Activity: Produce as output only the lines below starting at the line with "Slippers - Picture 2 of 4" and continuing through the line with "Used 2018 Toyota Camry SE image 13", each one exactly as written.

Input:
§ §
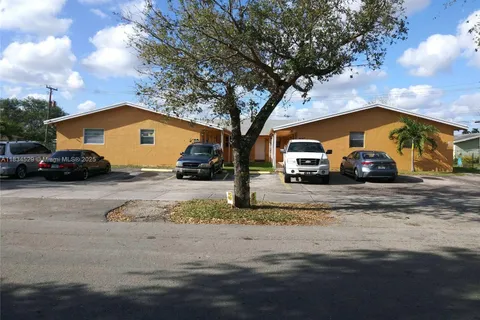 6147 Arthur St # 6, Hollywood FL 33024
§ §
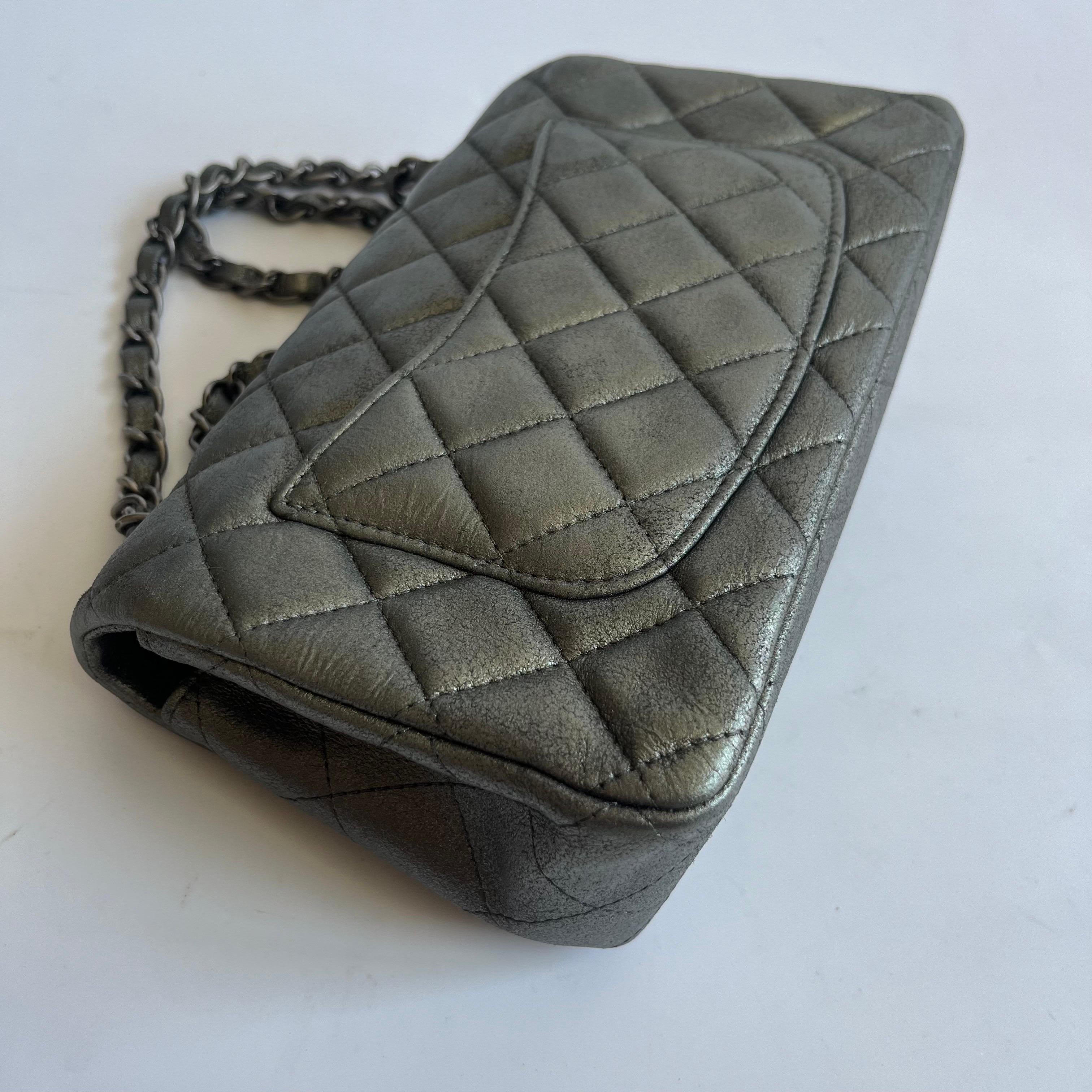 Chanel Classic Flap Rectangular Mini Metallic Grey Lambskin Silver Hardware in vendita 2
§ §
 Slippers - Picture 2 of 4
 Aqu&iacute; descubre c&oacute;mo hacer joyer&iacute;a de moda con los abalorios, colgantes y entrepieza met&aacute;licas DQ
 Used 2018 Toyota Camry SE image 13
§ §
Exercise answer:
 Slippers - Picture 2 of 4
 Aqu&iacute; descubre c&oacute;mo hacer joyer&iacute;a de moda con los abalorios, colgantes y entrepieza met&aacute;licas DQ
 Used 2018 Toyota Camry SE image 13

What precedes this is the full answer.